A atendente de telemarketing Ana Cristina Silveira também está na fila do recurso há quase dois anos. Ela teve o pedido da aposentadoria atendido, mas disse que recorreu por discordar do valor do benefício, em torno de um salário mínimo. Com 55 anos, ela diz que trabalha desde 14 anos de idade.
— Agora completei 41 anos de serviço. Estou esperando uma decisão para poder parar e descansar um pouco — disse Ana Cristina, que também teve que recorrer a um advogado para acompanhar o processo.
Para o vice-presidente do Instituto Brasileiro de Direito Previdenciário (IBDP), Diego Cherulli, é importante reduzir a fila inicial, mas de nada adianta se os processos não são analisados adequadamente e acabam levando os casos para recursos.
— O governo precisa atacar todas as filas da Previdência.
O Conselho de Recursos é ligado ao Ministério da Previdência e funciona de forma independente do INSS. É formado por representantes do governo, dos trabalhadores e empregadores e é constituído por 29 juntas de julgamento nos estados, quatro câmaras e o conselho pleno.
Judicialização aumentou
Segundo o ex-presidente do INSS Leonardo Rolim, em caso de dúvidas na concessão do benefício, os servidores optam por negar o pedido porque temem responder processo administrativo. Por isso, destacou, é importante ter um Conselho eficiente para evitar maiores problemas aos cidadãos e às contas públicas devido aos custos com pagamento de benefícios de forma retroativa à data de entrada.
— Infelizmente o Conselho de Recursos tem uma dificuldade grande de conseguir julgar rapidamente — constata.
Diante da lentidão do Conselho, as pessoas vão direto ao Judiciário. Os dados do INSS mostram que os benefícios obtidos via Justiça passaram de 1% do total de concessões em 2001 para 13% em 2020; 14,9% em 2022 e, neste ano, saltou para 16,2%.
Com as críticas recorrentes à fila do INSS, os governos anterior e atual tomaram algumas medidas, como pagamento de bônus para servidores analisarem processos fora do expediente. Em agosto, foi aberto um edital para contratar 305 conselheiros. Mas, para Cherulli, as medidas não são suficientes. Ele afirma que seriam necessários pelo menos o dobro de conselheiros e mais seis mil servidores no INSS, além de um sistema de avaliação da eficiência do serviço prestado.

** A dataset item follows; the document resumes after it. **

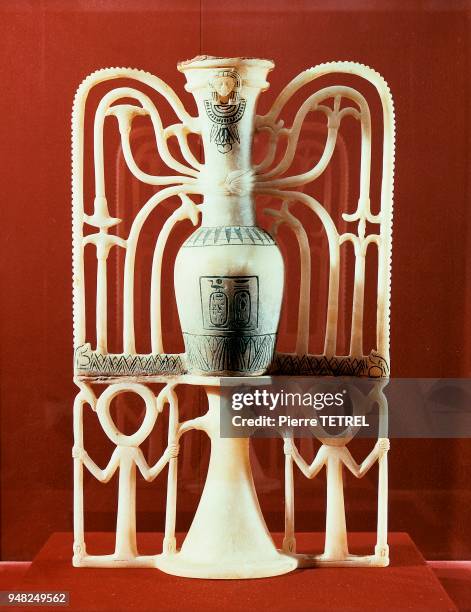 Vase très stylisé en ivoire. Musée du Caire.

— A avaliação existente é restrita às concessões efetivadas — observou Cherulli.
Procurado, o Ministério da Previdência informou apenas que existem na fila de recursos 790 mil processos. Mas esse número não considera os recursos que estão no INSS e ainda não foram remetidos ao Conselho.
O INSS disse que o órgão e o Ministério da Previdência têm tomado uma série de medidas para reduzir a fila de requerimentos, como a realização de mutirões, troca de perícia médica presencial por análise documental, simplificação do uso do Meu INSS, busca ativa por segurados que aguardam perícia médica e recepção de documentos médicos sem a necessidade de agendamento.